# What to work on:
Look for the line with "Shamama Attar (12" in the data below, then reproduce word for word that line and every line after it. Leave out all pictures and add nothing.

Stored data section start

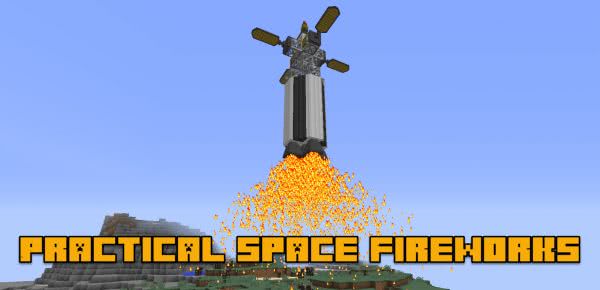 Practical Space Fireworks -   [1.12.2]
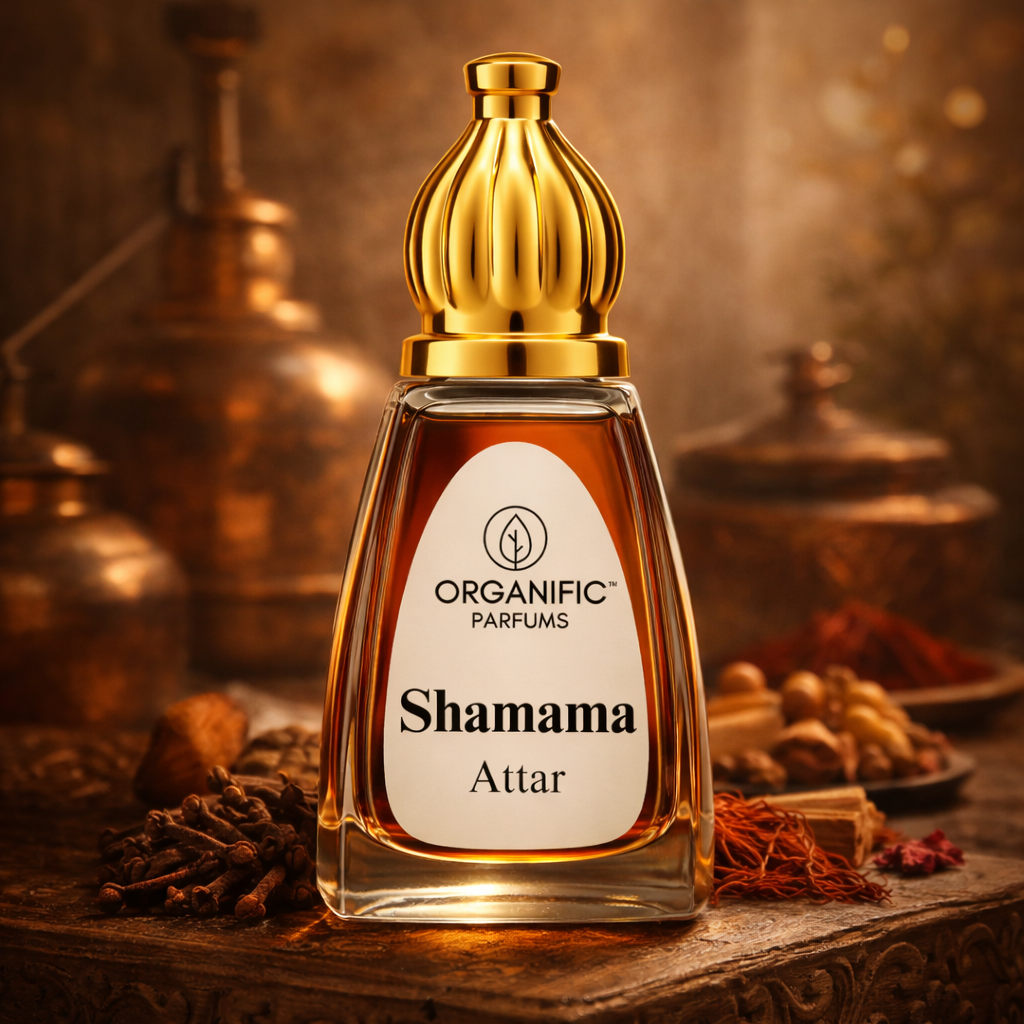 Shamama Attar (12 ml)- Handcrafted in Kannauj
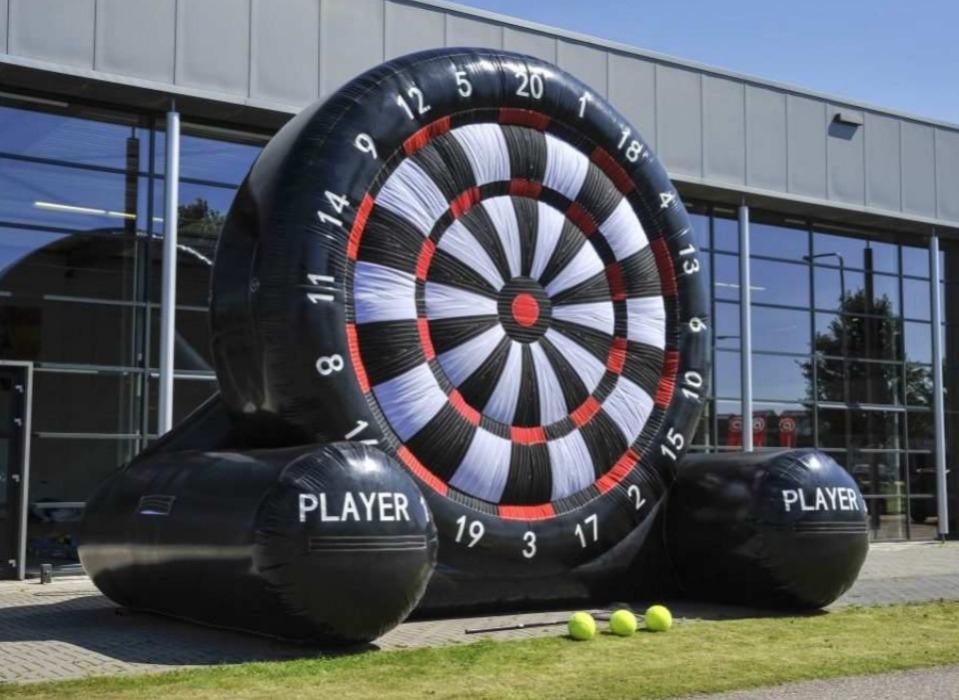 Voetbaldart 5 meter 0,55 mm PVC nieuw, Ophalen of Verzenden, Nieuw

Stored data section end

# Exercise output:
 Shamama Attar (12 ml)- Handcrafted in Kannauj
 Voetbaldart 5 meter 0,55 mm PVC nieuw, Ophalen of Verzenden, Nieuw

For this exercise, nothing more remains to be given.